◆ Instructions for the task ◆
Here is the task for the records below: repeat exactly the lines from the one with "XXXTorrent.net" to the one with "小富贵竹摆放位置 富贵竹摆放位置风水哪里最好", both included, and nothing else.

◆ Material for this exercise ◆
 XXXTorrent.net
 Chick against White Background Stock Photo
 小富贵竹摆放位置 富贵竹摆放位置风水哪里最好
* * *
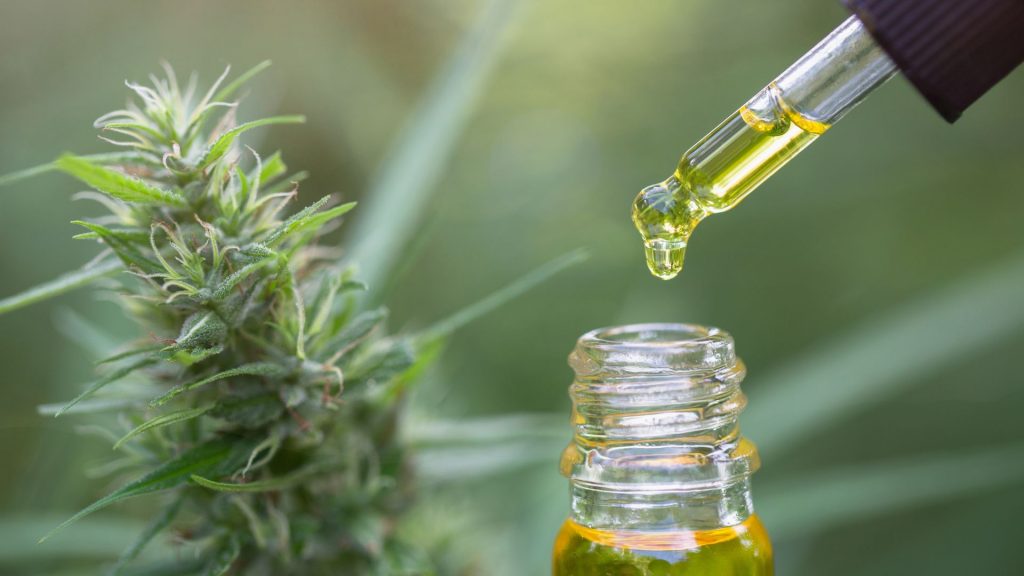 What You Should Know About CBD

◆ Written response ◆
 XXXTorrent.net
 Chick against White Background Stock Photo
 小富贵竹摆放位置 富贵竹摆放位置风水哪里最好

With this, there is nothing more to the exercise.